Welcome Dr. Lily Meisner
Dr. Meisner grew up on a small ranch in Taos, New Mexico. She received her Bachelor’s degree from Morehead State in Kentucky. During her time in Kentucky, she competed as an NCAA Division I soccer player. Following graduation Dr. Meisner spent time in South Africa volunteering for Wildlife Vets. This experience spurred a passion for national and international animal welfare and conservation.
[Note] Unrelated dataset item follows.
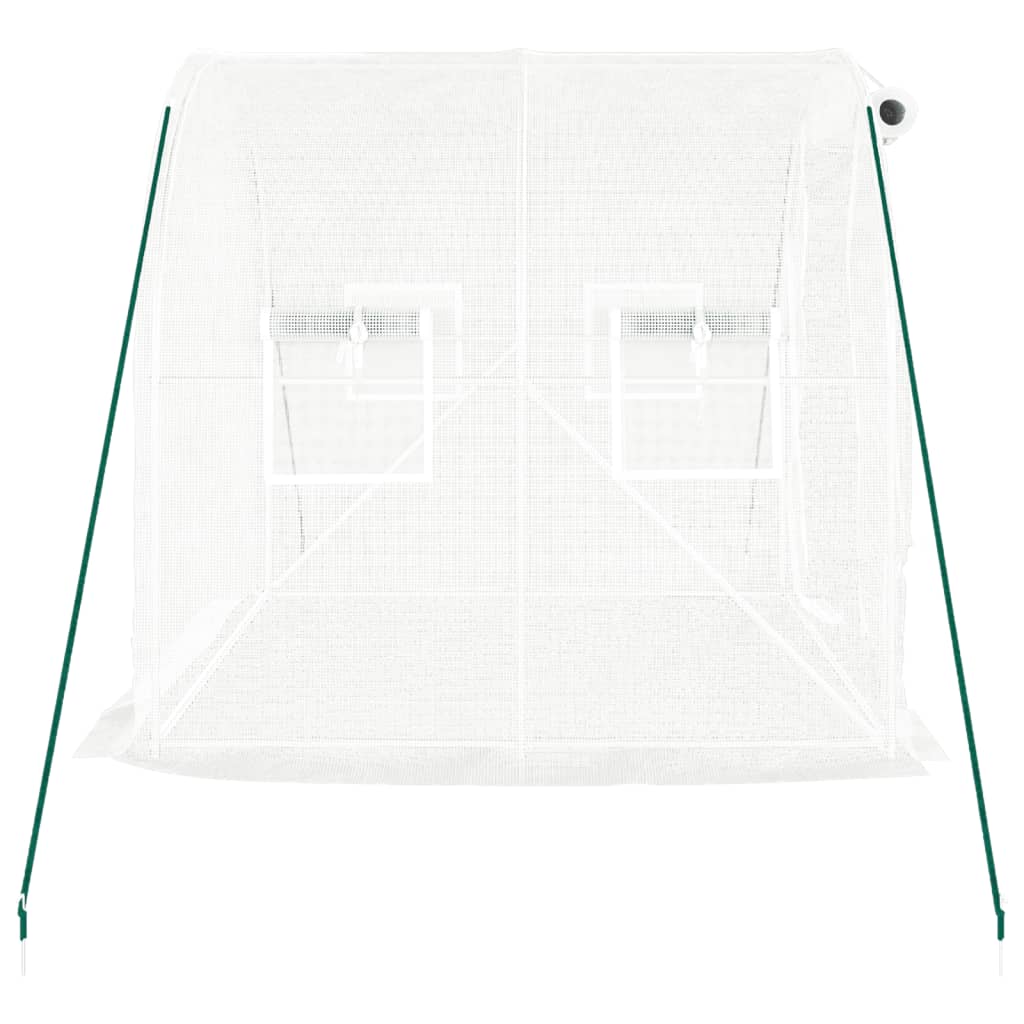 Greenhouse with Steel Frame White 4 m? 2x2x2 m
Dr. Meisner graduated from Colorado State University with a Doctorate of Veterinary Medicine. During her four years in Veterinary school, Dr. Meisner worked as a technician for one of the most elite Equine Sports Medicine groups in the nation. Additionally, she pursued her passion for travel and international work though extensive involvement in a Rural Veterinary Group (RVETS). Through RVETS Dr. Meisner had opportunities to work in numerous rural areas in the United States, as well as Mexico, providing medical and surgical care to patients in need.
Dr. Meisner enjoys all aspects of Veterinary Medicine, but has special interests in surgery, internal medicine, acupuncture and pain management.
Welcome Dr. Jillian McGregor
We our excited to welcome Dr. Jillian McGregor to Gruda Veterinary Hospital Team. Dr. McGregor recently graduated from Oregon State University’s College of Veterinary Medicine after receiving her Bachelor’s degree from Pacific University. Her interests in veterinary medicine are surgery, acupuncture, cardiology, and preventive health. She learned acupuncture and Traditional Chinese Medicine through the Chi Institute in Florida. Although primarily focused on dogs and cats, she will always be fond of pet chickens and goats.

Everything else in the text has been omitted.